Clinical signs of congenital cobalamin malabsorption, which usually appear from a few months to 14 yr of age, are pancytopenia including megaloblastic anemia, fatigue, failure to thrive, and neurologic symptoms including developmental delay. Recurrent infections and bruising may be present. Laboratory evaluation indicates low serum cobalamin, hyperhomocysteinemia, methylmalonicacidemia, and mild proteinuria. The Schilling test is useful to differentiate between lack of IF and malabsorption of cobalamin. Three rare autosomal recessive disorders of congenital cobalamin deficiency affect absorption and transport of cobalamin (in addition to 7 other inherited defects of cobalamin metabolism). These include mutations of the gastric IF (GIF) gene with absence of IF (but normal acid secretion and lack of autoantibodies against IF or parietal cells), mutations of the amnionless (AMN) and cubilin (CUBN) genes (Imerslund-Grasbeck syndrome), and mutations in the transcobalamin 2 cDNA. These disorders require long-term parenteral cobalamin treatment: intramuscular injections of hydroxycobalamin 1 mg daily for 10 days and then once a month. High-dose substitution with oral cyanocobalamin (1 mg biweekly) does not seem to be sufficient for all patients with congenital cobalamin deficiency.

Folate is an essential vitamin required to synthesize methionine from homocysteine. It is found mainly in green leafy vegetables, legumes, and oranges. It is converted to 5-methyltetrahydrofolate (5MTHF) after its uptake by enterocytes. Secondary folate deficiency is caused by insufficient folate intake, villous atrophy (e.g., celiac disease, IBD), treatment with phenytoin, and trimethoprim among others (Chapter 448.1). Several inherited disorders of folate metabolism and transport have been described.

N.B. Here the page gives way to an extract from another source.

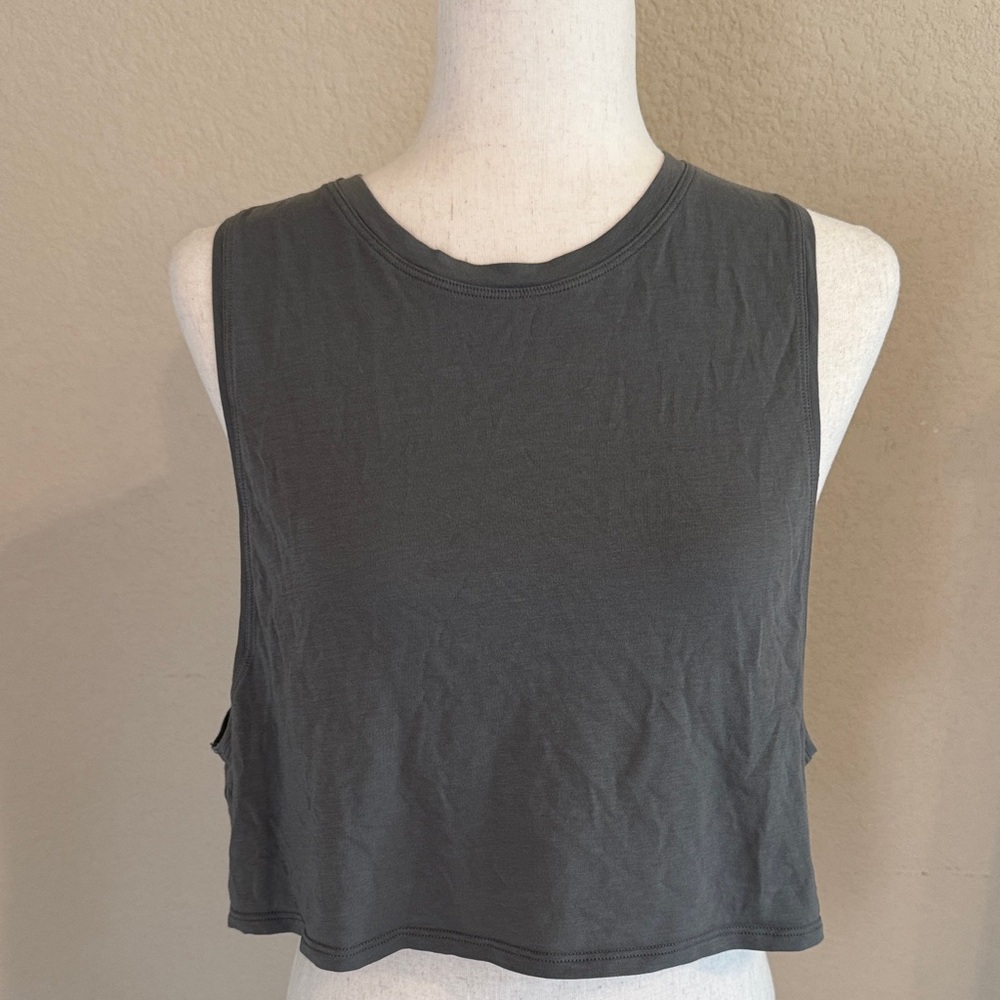 lululemon athletica olive green crop top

Hereditary folate malabsorption is characterized by a defect of the proton-coupled folate transporter (PCFT, formerly reported to be HCP1, a heme carrier) of the brush border, leading to impaired absorption of folate in the upper small intestine as well as impaired transport of folate into the central nervous system. Mutations of the reduced folate carrier (RFC1, SLC19A1) have not been found in this entity. Sulfasalazine and methotrexate are potent inhibitors of PCFT. Symptoms of congenital folate malabsorption are diarrhea, failure to thrive, megaloblastic anemia (in the 1st few months of life), glossitis, infections (Pneumocystis jirovecii) with hypoimmunoglobulinemia, and neurologic abnormalities (seizures, mental retardation, and basal ganglia calcifications). Macrocytosis, with or without neutropenia, multilobulated polymorphonuclear cells, increased LDH and bilirubin, increased saturation of transferrin, and decreased cholesterol can be found. Low levels of folate are present in serum and cerebrospinal fluid. Plasma homocysteine concentrations as well as urine excretion of formiminoglutamic acid and orotic acid are elevated. Long-lasting deficiency is best documented using red cell folate. Therapy involves large doses of oral (up to 100 mg/day) or systemic (intrathecal) folate.

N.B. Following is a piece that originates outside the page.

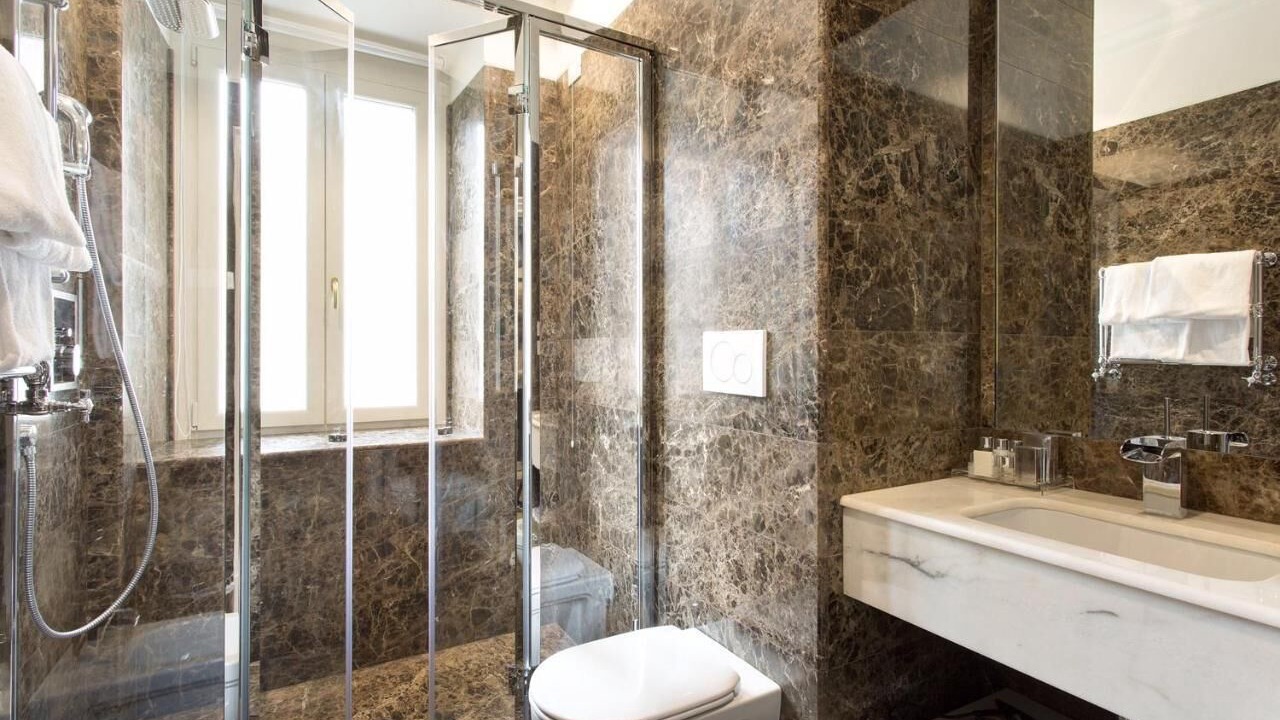 Photo of Bathroom in Repubblica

The molecular basis of intestinal transport of other water-soluble vitamins such as vitamin C (Na⁺-dependent vitamin C transporter, SVCT1 and SVCT2), pyridoxine/vitamin B₆, and biotin/vitamin B₅ (Na⁺-dependent multivitamin transporter, SMVT) have been described; however congenital defects of these transporter systems have not yet been found in humans. A thiamine/vitamin B₁-responsive megaloblastic anemia (TRMA) syndrome, which is associated with early-onset type 1 diabetes mellitus and sensorineural deafness, is caused by mutations of the thiamine transporter protein, THTR-1 (SLC19A2), present in the brush border.

Disorders of Electrolyte and Mineral Absorption

Congenital chloride diarrhea belongs to the more common causes of severe congenital diarrhea, with prevalence in Finland of 1: 20,000. It is caused by a defect of the SLC26A3 gene, which encodes a Na⁺-independent Cl⁻/HCO₃⁻ exchanger within the apical membrane of ileal and colonic epithelium. Founder mutations have been described in Finnish, Polish, and Arab patients: V317del, I675-676ins, and G187X, respectively. The Cl⁻/HCO₃⁻ exchanger absorbs chloride originating from gastric acid and the cystic fibrosis transmembrane conductance regulator (CFTR) and secretes bicarbonate into the lumen, neutralizing the acidity of gastric secretion.

Prenatal clinical signs of this disorder are a dilated small bowel that can mislead to a diagnosis of intestinal obstruction. Newborns with congenital chloride diarrhea present with severe life-threatening secretory diarrhea during the 1st weeks of life. Laboratory findings are metabolic alkalosis, hypochloremia, hypokalemia, and hyponatremia (with high plasma renin and aldosterone activities). Fecal chloride concentrations are >90 mmol/L and exceed the sum of fecal sodium and potassium. Early diagnosis and aggressive lifelong enteral substitution of KCl in combination with NaCl (chloride doses of 6-8 mmol/kg/day for infants and 3-4 mmol/kg/day for older patients) prevent mortality and long-term complications (such as urinary infections, hyperuricemia with renal calcifications, renal insufficiency, and hypertension) and allow normal growth and development. Orally administered proton pump inhibitors, cholestyramine, and butyrate can reduce the severity of diarrhea. The diarrheal symptoms usually tend to regress with age. However, febrile diseases are likely to exacerbate symptoms as a consequence of severe dehydration and electrolyte imbalances. (See Chapter 52 for fluid and electrolyte management.)

The classic form of congenital sodium diarrhea manifests with polyhydramnios, massive secretory diarrhea, severe metabolic acidosis, alkaline stools (fecal pH >7.5) and hyponatremia as a result of fecal losses of Na⁺ (fecal Na⁺ >70 mmol/L). Urinary secretion of sodium is low to normal. There is partial villous atrophy. The molecular genetic defect could not be located in the Na⁺-H⁺ exchangers (NHEs), which were thought to be impaired because they seem to be mainly responsible for Na⁺ absorption in the small intestine. In addition, a syndromic form of congenital sodium diarrhea with choanal or anal atresia, hypertelorism, and corneal erosions has been related to mutations of SPINT2, encoding a serine-protease inhibitor, whose pathophysiologic action on intestinal Na⁺ absorption is unclear. Some patients can be weaned from parenteral nutrition later in childhood but depend on oral sodium citrate supplementation.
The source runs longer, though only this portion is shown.